Wednesday, September 19, 2007
The Chronicle: 1/5/2007: The Library as Search Engine: "It is even easier in the online world than in the library to link to different subjects that people may be interested in. A really rich personalization engine is certainly our dream. Greenstein: I'm not worried about that patron. That patron is always going to be there. What is interesting here is that we are taking libraries and turning them inside out so that many thousands of other patrons get to see what is there."
Dr. Greenstein has been on the Electronic Records committee with me and this insight into the future of academic libraries and the Google book project is only one example of how open access is indeed good for everyone.

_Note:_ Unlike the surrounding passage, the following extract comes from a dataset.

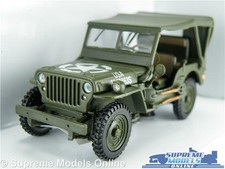 WILLYS JEEP MODEL CAR 1:43 MILITARY ARMY WITH ROOF CARARAMA GREEN 2049863S K8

The most resistent groups I've seen in academe to these "open proposals" are those who have large libraries conveniently located to their own geography and simply miss the point that not all of us have that access. I sitll remember waiting 45 minutes for 3 pages of text from a library - just with basic organizational info about a search, not actual articles or info items - and being excited. I was also able to get caught up on much of my journal reading waiting on file downloads. This was about 12 years ago now and look how far we've come.
Earlier in the article, it talks about how some of the most creative people have trouble staying on task even in the library. I must be one of those people given that I always pick up books beyond the topic of what I am going to the library to find.
And, even though I love the technological access, I love browsing library stacks at other colleges and universities, especially large universities. I also enjoy the bookstores although that has become quite limited lately given the huge amount of work the used market and buyback takes - unless you are around at the beginning of a semester, the bookstore stacks are always closed.